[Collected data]
= Beginning of Section =

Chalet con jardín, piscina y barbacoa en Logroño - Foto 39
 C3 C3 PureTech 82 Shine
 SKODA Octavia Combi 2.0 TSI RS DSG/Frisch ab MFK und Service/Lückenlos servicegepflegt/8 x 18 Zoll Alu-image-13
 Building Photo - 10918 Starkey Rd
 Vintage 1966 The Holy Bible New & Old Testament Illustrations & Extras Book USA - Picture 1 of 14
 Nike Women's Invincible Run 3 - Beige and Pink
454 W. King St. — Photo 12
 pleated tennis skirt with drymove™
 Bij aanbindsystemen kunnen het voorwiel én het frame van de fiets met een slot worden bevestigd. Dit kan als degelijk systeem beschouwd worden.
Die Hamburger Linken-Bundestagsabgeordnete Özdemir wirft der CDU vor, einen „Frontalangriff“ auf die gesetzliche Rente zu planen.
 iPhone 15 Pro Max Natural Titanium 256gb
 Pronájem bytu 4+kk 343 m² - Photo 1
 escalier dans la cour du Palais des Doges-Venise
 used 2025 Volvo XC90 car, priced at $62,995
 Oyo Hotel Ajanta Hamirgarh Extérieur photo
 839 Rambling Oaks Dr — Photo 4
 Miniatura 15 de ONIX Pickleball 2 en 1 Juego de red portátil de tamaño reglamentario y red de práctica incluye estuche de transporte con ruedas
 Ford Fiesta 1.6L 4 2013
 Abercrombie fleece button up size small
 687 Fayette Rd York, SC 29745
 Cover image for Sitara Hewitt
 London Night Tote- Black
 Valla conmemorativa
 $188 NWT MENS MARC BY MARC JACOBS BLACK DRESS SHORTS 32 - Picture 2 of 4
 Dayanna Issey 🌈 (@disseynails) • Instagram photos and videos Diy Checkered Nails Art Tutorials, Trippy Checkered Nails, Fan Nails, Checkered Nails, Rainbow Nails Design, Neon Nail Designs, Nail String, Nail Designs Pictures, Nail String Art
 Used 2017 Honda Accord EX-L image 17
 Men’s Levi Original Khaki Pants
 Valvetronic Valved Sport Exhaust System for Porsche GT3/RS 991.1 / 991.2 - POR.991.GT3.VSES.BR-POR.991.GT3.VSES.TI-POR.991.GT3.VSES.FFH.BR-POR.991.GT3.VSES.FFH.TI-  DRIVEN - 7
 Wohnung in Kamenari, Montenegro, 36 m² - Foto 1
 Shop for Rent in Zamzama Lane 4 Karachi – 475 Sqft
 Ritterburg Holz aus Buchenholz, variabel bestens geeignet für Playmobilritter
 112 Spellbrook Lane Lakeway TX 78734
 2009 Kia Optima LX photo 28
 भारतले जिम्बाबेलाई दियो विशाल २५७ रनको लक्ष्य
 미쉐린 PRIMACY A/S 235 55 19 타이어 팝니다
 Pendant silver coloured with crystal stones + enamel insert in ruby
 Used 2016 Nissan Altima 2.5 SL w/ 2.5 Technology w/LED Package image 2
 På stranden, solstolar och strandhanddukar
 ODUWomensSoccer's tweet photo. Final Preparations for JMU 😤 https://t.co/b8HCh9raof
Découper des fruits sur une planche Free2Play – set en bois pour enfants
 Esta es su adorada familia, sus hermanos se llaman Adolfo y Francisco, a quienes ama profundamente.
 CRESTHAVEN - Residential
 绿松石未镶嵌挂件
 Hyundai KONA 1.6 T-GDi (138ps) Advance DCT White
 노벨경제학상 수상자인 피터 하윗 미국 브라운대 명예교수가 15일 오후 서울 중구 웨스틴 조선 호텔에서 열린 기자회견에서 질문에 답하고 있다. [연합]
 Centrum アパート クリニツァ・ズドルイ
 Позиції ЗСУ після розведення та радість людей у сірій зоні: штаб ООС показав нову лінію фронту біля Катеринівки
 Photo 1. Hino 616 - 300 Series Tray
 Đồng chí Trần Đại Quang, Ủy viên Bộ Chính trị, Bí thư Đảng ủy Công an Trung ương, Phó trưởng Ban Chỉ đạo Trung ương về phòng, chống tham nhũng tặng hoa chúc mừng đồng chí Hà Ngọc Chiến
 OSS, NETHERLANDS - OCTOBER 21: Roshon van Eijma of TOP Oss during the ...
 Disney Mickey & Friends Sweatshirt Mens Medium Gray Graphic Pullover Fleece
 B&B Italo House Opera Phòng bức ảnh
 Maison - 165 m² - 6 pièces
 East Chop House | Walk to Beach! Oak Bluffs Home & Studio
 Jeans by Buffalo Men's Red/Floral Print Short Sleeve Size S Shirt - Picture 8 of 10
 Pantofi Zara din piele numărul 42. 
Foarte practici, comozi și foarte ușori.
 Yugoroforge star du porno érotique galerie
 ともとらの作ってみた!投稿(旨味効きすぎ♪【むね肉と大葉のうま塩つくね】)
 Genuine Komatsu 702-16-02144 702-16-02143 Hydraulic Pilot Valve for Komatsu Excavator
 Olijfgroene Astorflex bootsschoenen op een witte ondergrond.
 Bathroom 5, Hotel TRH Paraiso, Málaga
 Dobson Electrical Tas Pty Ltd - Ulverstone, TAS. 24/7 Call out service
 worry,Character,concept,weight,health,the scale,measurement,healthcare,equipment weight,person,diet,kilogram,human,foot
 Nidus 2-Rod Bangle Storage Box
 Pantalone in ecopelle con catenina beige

= End of Section =

◆ **ASSIGNED TASK**
Reproduce the data exactly, omitting nothing.

◆ **SOLUTION TO THIS PROBLEM**
Chalet con jardín, piscina y barbacoa en Logroño - Foto 39
 C3 C3 PureTech 82 Shine
 SKODA Octavia Combi 2.0 TSI RS DSG/Frisch ab MFK und Service/Lückenlos servicegepflegt/8 x 18 Zoll Alu-image-13
 Building Photo - 10918 Starkey Rd
 Vintage 1966 The Holy Bible New & Old Testament Illustrations & Extras Book USA - Picture 1 of 14
 Nike Women's Invincible Run 3 - Beige and Pink
454 W. King St. — Photo 12
 pleated tennis skirt with drymove™
 Bij aanbindsystemen kunnen het voorwiel én het frame van de fiets met een slot worden bevestigd. Dit kan als degelijk systeem beschouwd worden.
Die Hamburger Linken-Bundestagsabgeordnete Özdemir wirft der CDU vor, einen „Frontalangriff“ auf die gesetzliche Rente zu planen.
 iPhone 15 Pro Max Natural Titanium 256gb
 Pronájem bytu 4+kk 343 m² - Photo 1
 escalier dans la cour du Palais des Doges-Venise
 used 2025 Volvo XC90 car, priced at $62,995
 Oyo Hotel Ajanta Hamirgarh Extérieur photo
 839 Rambling Oaks Dr — Photo 4
 Miniatura 15 de ONIX Pickleball 2 en 1 Juego de red portátil de tamaño reglamentario y red de práctica incluye estuche de transporte con ruedas
 Ford Fiesta 1.6L 4 2013
 Abercrombie fleece button up size small
 687 Fayette Rd York, SC 29745
 Cover image for Sitara Hewitt
 London Night Tote- Black
 Valla conmemorativa
 $188 NWT MENS MARC BY MARC JACOBS BLACK DRESS SHORTS 32 - Picture 2 of 4
 Dayanna Issey 🌈 (@disseynails) • Instagram photos and videos Diy Checkered Nails Art Tutorials, Trippy Checkered Nails, Fan Nails, Checkered Nails, Rainbow Nails Design, Neon Nail Designs, Nail String, Nail Designs Pictures, Nail String Art
 Used 2017 Honda Accord EX-L image 17
 Men’s Levi Original Khaki Pants
 Valvetronic Valved Sport Exhaust System for Porsche GT3/RS 991.1 / 991.2 - POR.991.GT3.VSES.BR-POR.991.GT3.VSES.TI-POR.991.GT3.VSES.FFH.BR-POR.991.GT3.VSES.FFH.TI-  DRIVEN - 7
 Wohnung in Kamenari, Montenegro, 36 m² - Foto 1
 Shop for Rent in Zamzama Lane 4 Karachi – 475 Sqft
 Ritterburg Holz aus Buchenholz, variabel bestens geeignet für Playmobilritter
 112 Spellbrook Lane Lakeway TX 78734
 2009 Kia Optima LX photo 28
 भारतले जिम्बाबेलाई दियो विशाल २५७ रनको लक्ष्य
 미쉐린 PRIMACY A/S 235 55 19 타이어 팝니다
 Pendant silver coloured with crystal stones + enamel insert in ruby
 Used 2016 Nissan Altima 2.5 SL w/ 2.5 Technology w/LED Package image 2
 På stranden, solstolar och strandhanddukar
 ODUWomensSoccer's tweet photo. Final Preparations for JMU 😤 https://t.co/b8HCh9raof
Découper des fruits sur une planche Free2Play – set en bois pour enfants
 Esta es su adorada familia, sus hermanos se llaman Adolfo y Francisco, a quienes ama profundamente.
 CRESTHAVEN - Residential
 绿松石未镶嵌挂件
 Hyundai KONA 1.6 T-GDi (138ps) Advance DCT White
 노벨경제학상 수상자인 피터 하윗 미국 브라운대 명예교수가 15일 오후 서울 중구 웨스틴 조선 호텔에서 열린 기자회견에서 질문에 답하고 있다. [연합]
 Centrum アパート クリニツァ・ズドルイ
 Позиції ЗСУ після розведення та радість людей у сірій зоні: штаб ООС показав нову лінію фронту біля Катеринівки
 Photo 1. Hino 616 - 300 Series Tray
 Đồng chí Trần Đại Quang, Ủy viên Bộ Chính trị, Bí thư Đảng ủy Công an Trung ương, Phó trưởng Ban Chỉ đạo Trung ương về phòng, chống tham nhũng tặng hoa chúc mừng đồng chí Hà Ngọc Chiến
 OSS, NETHERLANDS - OCTOBER 21: Roshon van Eijma of TOP Oss during the ...
 Disney Mickey & Friends Sweatshirt Mens Medium Gray Graphic Pullover Fleece
 B&B Italo House Opera Phòng bức ảnh
 Maison - 165 m² - 6 pièces
 East Chop House | Walk to Beach! Oak Bluffs Home & Studio
 Jeans by Buffalo Men's Red/Floral Print Short Sleeve Size S Shirt - Picture 8 of 10
 Pantofi Zara din piele numărul 42. 
Foarte practici, comozi și foarte ușori.
 Yugoroforge star du porno érotique galerie
 ともとらの作ってみた!投稿(旨味効きすぎ♪【むね肉と大葉のうま塩つくね】)
 Genuine Komatsu 702-16-02144 702-16-02143 Hydraulic Pilot Valve for Komatsu Excavator
 Olijfgroene Astorflex bootsschoenen op een witte ondergrond.
 Bathroom 5, Hotel TRH Paraiso, Málaga
 Dobson Electrical Tas Pty Ltd - Ulverstone, TAS. 24/7 Call out service
 worry,Character,concept,weight,health,the scale,measurement,healthcare,equipment weight,person,diet,kilogram,human,foot
 Nidus 2-Rod Bangle Storage Box
 Pantalone in ecopelle con catenina beige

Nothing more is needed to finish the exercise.